On May 16th (2022), we will run an online workshop on "Open Science and Preregistration in Psychology" in the framework of the "Acciones de Internacionalización en Casa" of the School of Psychology. Attendance will be recognised as a "Specific Activity" by the Doctoral Programme in "Reading and Comprehension".

The workshop is in charge of Lisa Spitzer from the Leibniz Institute for Psychology (ZPID) (Germany).

Timetable: 
9:00-11:00: Part I
12:00-14:00: Part II

Registration:
https://encuestas.uv.es/index.php/846518?lang=en

Questions: inmaculada.fajardo@uv.es

Content: 
This workshop is aimed at psychological researchers that are relatively new to preregistration or who would like to learn more about different options for creating preregistrations. Specifically, this workshop will be divided into two parts: In the first part, I will illustrate what a preregistration is and why it is important that researchers preregister their studies. In the second part, I will guide the participants through the preregistration process and give practical advice.
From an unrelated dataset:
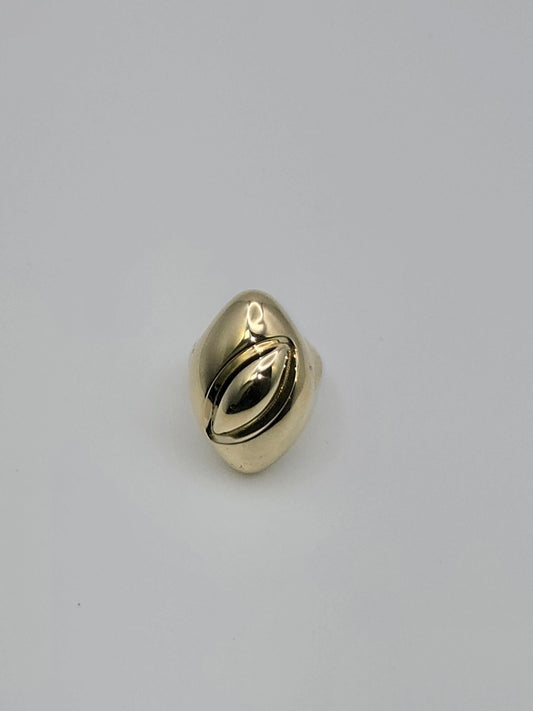 anillo fanci ojo 10k Size 9 Weight 2.78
I will present various possible routes for creating preregistrations before narrowing down on a practical example. In this example, I will use the R package “prereg” and the PRP-QUANT template that has recently been published by a collaboration of psychological societies (APA, BPS, DGPs). I will walk you through the process of creating the preregistration by using the template until submitting it to the preregistration platform “PreReg in Psychology” (prereg-psych.org).

Requirements:

Enrolled in a Doctoral Program.

Service PsychNotebook will be used for the R demonstration. As it allows using R in the browser, participants do not need
to install R on their computers.


Bio
After obtaining her Master degree in Psychology at the University of Cologne, Lisa is now a third-year PhD student at the Leibniz Institute for Psychology (ZPID), a supra-regional research support facility for psychology in German-speaking countries. The ZPID supports the entire scientific work process. It is committed to the idea of open science and sees itself as a public open science institute for psychology. In her PhD, Lisa especially focuses on preregistration as well as the reproducibility of eye-tracking results.